Celsius Network and its account holders have reached a new agreement that could expedite the settlement of more than 30,000 claims filed against the bankrupt crypto lender.
According to court documents filed on July 20th, many of the $78.2 billion worth of claims seek damages for fraud, misrepresentation and other non-contractual causes, which require resolution before payouts can be distributed.
Instead of resolving the issues, the parties agreed, subject to the court’s approval, to increase the amount that claimants would receive to cover the alleged damages.
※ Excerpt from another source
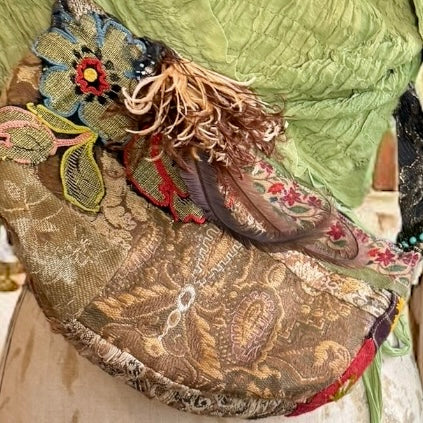 Omnia, reworked 80s half moon cross body bag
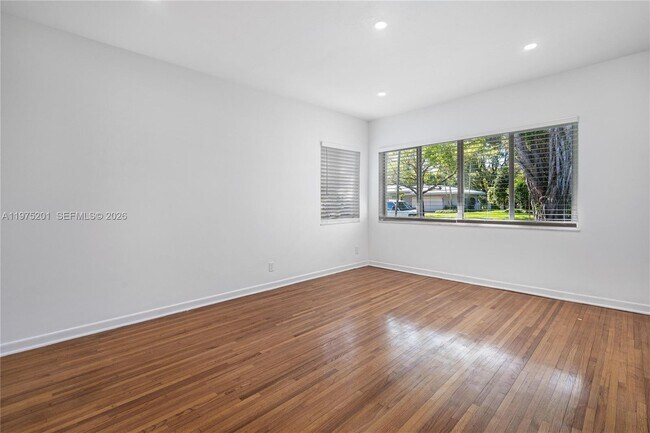 Building Photo - 1235 Algardi Ave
“Unless and until those claims are resolved, the Debtors would have to ‘hold back’ distributions to creditors that could otherwise be paid out under the Plan. If the Settlement is approved, it will provide each Account Holder that does not opt out of the Settlement with a 5% increase of their Account Holder Claims (other than Custody Claims)…
A fully litigated resolution of all of the non-contractual claims that have been asserted against the Debtors would be a long and costly endeavor that would significantly delay distributions and may not ultimately lead to any change in recoveries.”
The crypto lender, which promised high yields to customers for depositing their coins, froze customer withdrawals in June of 2022 citing extreme market conditions. It filed for bankruptcy the following month.
Its founder, Alex Mashinsky, was arrested earlier this month and is facing a slew of charges including securities, commodities and wire fraud.